Nel lago d’Orta, tra le province di Verbano-Cusio-Ossola e Novara, partirà un progetto che utilizza cozze d’acqua dolce, Unio elongatulus, per misurare la presenza di microplastiche e sostanze inquinanti. Questa iniziativa si inserisce in studi già avviati sulla capacità depurativa di questi bivalvi, che agiscono come indicatori biologici della qualità delle acque. Le analisi saranno condotte su campioni prelevati da diverse aree del lago nel corso di un anno.
Il ruolo delle cozze d’acqua dolce nel monitoraggio ambientale del lago d’Orta
Le cozze d’acqua dolce rappresentano un elemento chiave per la valutazione della salute degli ecosistemi acquatici. L’Unio elongatulus è un bivalve che vive immerso nei fondali e si nutre filtrando l’acqua, trattenendo sulle sue branchie particelle e sostanze inquinanti. Nel lago d’Orta, questi molluschi sono stati impiegati per verificare come i contaminanti e le microplastiche si accumulano nell’ambiente.
Bioaccumulatori e biosensori
Questi bivalvi funzionano non solo come bioaccumulatori, catturando sostanze tossiche presenti nell’acqua, ma anche come biosensori. Possono infatti segnalare con risposte biologiche la presenza e l’impatto di inquinanti come farmaci, surfattanti, plasticizzanti e composti perfluorati. L’utilizzo nelle gabbie permette di monitorare in modo costante, affidandosi alla loro biologia e alla capacità di rappresentare fedelmente lo stato delle acque nei punti in cui sono posti.
Già oggetto di interventi di ripopolamento, questi bivalvi hanno dimostrato di contribuire a migliorare la qualità dell’acqua e dello stato dei sedimenti, grazie alla loro azione di filtrazione. Nel progetto attuale, saranno dispiegate gabbie in sei siti scelti, da cui dopo un anno verranno ritirati esemplari per analisi chimiche dettagliate.
Progetto integrare e collaborazioni scientifiche
Il monitoraggio delle contaminazioni nel lago d’Orta si inserisce nel quadro del progetto “Integrare. Qualità ambientale del lago d’Orta, dagli immissari ai contaminanti emergenti“, avviato dall’Ecomuseo del Lago d’Orta e Mottarone. La ricerca è condotta in collaborazione con il dipartimento di Bioscienze dell’Università di Milano e l’Istituto di Ricerche Farmacologiche Mario Negri, noto centro per studi in campo ambientale e farmacologico.
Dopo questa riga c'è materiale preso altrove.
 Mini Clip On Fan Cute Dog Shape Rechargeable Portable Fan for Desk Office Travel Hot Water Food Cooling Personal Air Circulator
Questo progetto biennale mira a raccogliere dati precisi e puntuali per comprendere le sollecitazioni ambientali di origine antropica che interessano il lago. I risultati ottenuti saranno comunicati all’Arpa Piemonte, alle amministrazioni locali e al gestore delle acque, per favorire interventi mirati a ridurre l’inquinamento e migliorare lo stato delle acque.
Il lavoro congiunto tra le istituzioni pubbliche e il mondo accademico consente di integrare competenze scientifiche con esigenze di tutela ambientale e gestione delle risorse idriche, fondamentali per un bacino lacustre come quello d’Orta.
Metodologie di analisi e obiettivi chimici
La fase analitica del progetto coinvolge metodi di spettrometria di massa, utilizzati per identificare e quantificare i contaminanti presenti nelle cozze e nell’acqua. Noelia Salgueiro-Gonzalez, responsabile dell’unità di spettrometria di massa per il monitoraggio ambientale all’Istituto Mario Negri, dichiara che “l’obiettivo è rilevare composti emergenti tramite tecniche non target e target.”
La tecnica non target permette di individuare un ampio ventaglio di sostanze anche non ancora classificate, mentre i metodi target si concentrano su inquinanti specifici, come farmaci, disinfettanti, plasticizzanti e composti perfluorati. Questo approccio combinato consente di ottenere un quadro dettagliato dei carichi inquinanti e di valutare la pressione antropica sulle acque del lago.
L’analisi mira anche a identificare le fonti di contaminazione, per esempio scarichi domestici o attività industriali nei dintorni, contribuendo a stabilire priorità per la gestione ambientale. Le informazioni raccolte saranno cruciali per misure che riducano l’impatto di questi contaminanti sulla fauna e sulla salute umana.
Lo studio nel lago d’Orta si colloca nell’ambito delle ricerche europee e internazionali sulle acque dolci, dove l’insorgenza di microplastiche e contaminanti emergenti costituisce una nuova sfida per la salute degli ecosistemi e delle comunità che vivono intorno a questi corpi idrici.